Let $\widehat { \mu } = \left( \mu _ { 1 } > \cdots > \mu _ { n } \right) \in \mathbb { R } ^ { n }$. We define the polynomials $$Q _ { 0 } = \prod _ { k = 1 } ^ { n } \left( X - \mu _ { k } \right) \quad \text { and } \quad \forall j \in \{ 1 , \ldots , n \} , \quad P _ { j } = \frac { Q _ { 0 } } { \left( X - \mu _ { j } \right) } .$$ Let $P \in \mathbb { R } [ X ]$ be a monic polynomial of degree $n + 1$.
(a) Show that there exists a unique vector $\left( a , \alpha _ { 1 } , \alpha _ { 2 } , \ldots , \alpha _ { n } \right) \in \mathbb { R } ^ { n + 1 }$ such that $$P = ( X - a ) Q _ { 0 } - \sum _ { j = 1 } ^ { n } \alpha _ { j } P _ { j }$$ (b) Assume that the real numbers $\alpha _ { 1 } , \ldots , \alpha _ { n }$ are all strictly positive. Show that $P$ has $n + 1$ distinct real roots $\lambda _ { 1 } > \cdots > \lambda _ { n + 1 }$, and that $\hat { \lambda } = \left( \lambda _ { 1 } > \cdots > \lambda _ { n + 1 } \right)$ and $\widehat { \mu }$ are strictly interlaced.
(c) Conversely, assume that $P$ has $n + 1$ distinct real roots $\lambda _ { 1 } > \cdots > \lambda _ { n + 1 }$, and that $\widehat { \lambda } = \left( \lambda _ { 1 } > \cdots > \lambda _ { n + 1 } \right)$ and $\widehat { \mu }$ are strictly interlaced. Show that, for all $j \in \{ 1 , \ldots , n \} , \alpha _ { j } > 0$.
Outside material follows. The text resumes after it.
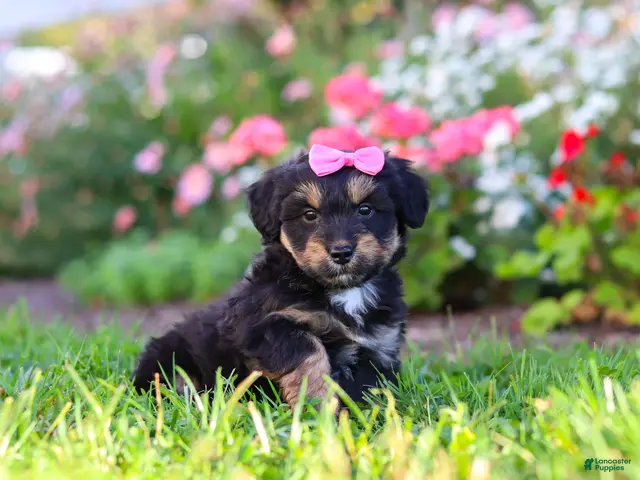 Mixed Breed dogs for sale: Maple - Ad 1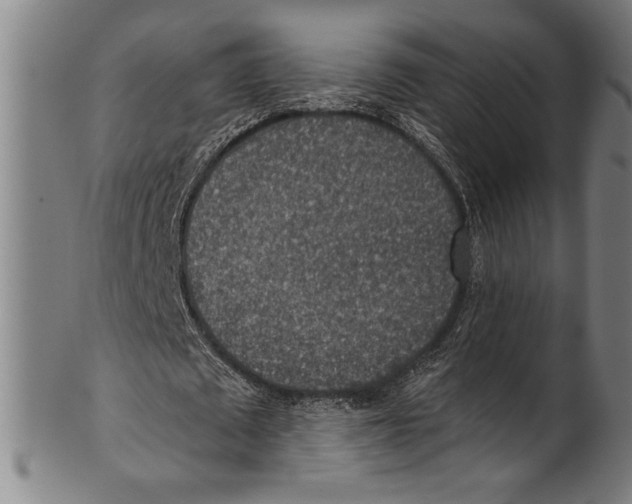 X0000100900673200807220952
Let $\widehat { \mu } = \left( \mu _ { 1 } > \cdots > \mu _ { n } \right) \in \mathbb { R } ^ { n }$. We are given integers $m _ { k } \geqslant 1$ for $k = 1 , \ldots , n$. We set $$Q _ { 1 } = \prod _ { k = 1 } ^ { n } \left( X - \mu _ { k } \right) ^ { m _ { k } } \quad \text { and, this time, } \quad P _ { j } = \frac { Q _ { 1 } } { X - \mu _ { j } } .$$ Show that $$Q _ { 1 } \wedge Q _ { 1 } ^ { \prime } = \prod _ { k = 1 } ^ { n } \left( X - \mu _ { k } \right) ^ { m _ { k } - 1 }$$

Let $\widehat { \mu } = \left( \mu _ { 1 } > \cdots > \mu _ { n } \right) \in \mathbb { R } ^ { n }$. We are given integers $m _ { k } \geqslant 1$ for $k = 1 , \ldots , n$. We set $$Q _ { 1 } = \prod _ { k = 1 } ^ { n } \left( X - \mu _ { k } \right) ^ { m _ { k } } \quad \text { and } \quad P _ { j } = \frac { Q _ { 1 } } { X - \mu _ { j } } .$$ Let $\left( a , \alpha _ { 1 } , \alpha _ { 2 } , \ldots , \alpha _ { n } \right) \in \mathbb { R } ^ { n + 1 }$ and let $P \in \mathbb { R } [ X ]$ be defined by the formula $$P = ( X - a ) Q _ { 1 } - \sum _ { j = 1 } ^ { n } \alpha _ { j } P _ { j }$$ (a) Give an expression of $P \wedge Q _ { 1 }$ in terms of the $\mu _ { j }$, the $m _ { j }$ and the set $J$ of indices for which $\alpha _ { j } = 0$.
(b) Assume that the numbers $\alpha _ { 1 } , \ldots , \alpha _ { n }$ are non-negative. Show that all roots of $P$ are real.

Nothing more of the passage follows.